◆ Recorded information ◆
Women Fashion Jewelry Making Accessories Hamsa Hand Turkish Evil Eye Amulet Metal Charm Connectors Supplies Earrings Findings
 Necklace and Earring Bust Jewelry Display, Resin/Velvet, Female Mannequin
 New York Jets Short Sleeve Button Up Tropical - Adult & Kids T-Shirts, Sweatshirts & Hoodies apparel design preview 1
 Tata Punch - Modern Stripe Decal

◆ Your instructions ◆
Which lines above carry the string "Jewelry"? Copy those lines.

◆ Response box ◆
Women Fashion Jewelry Making Accessories Hamsa Hand Turkish Evil Eye Amulet Metal Charm Connectors Supplies Earrings Findings
 Necklace and Earring Bust Jewelry Display, Resin/Velvet, Female Mannequin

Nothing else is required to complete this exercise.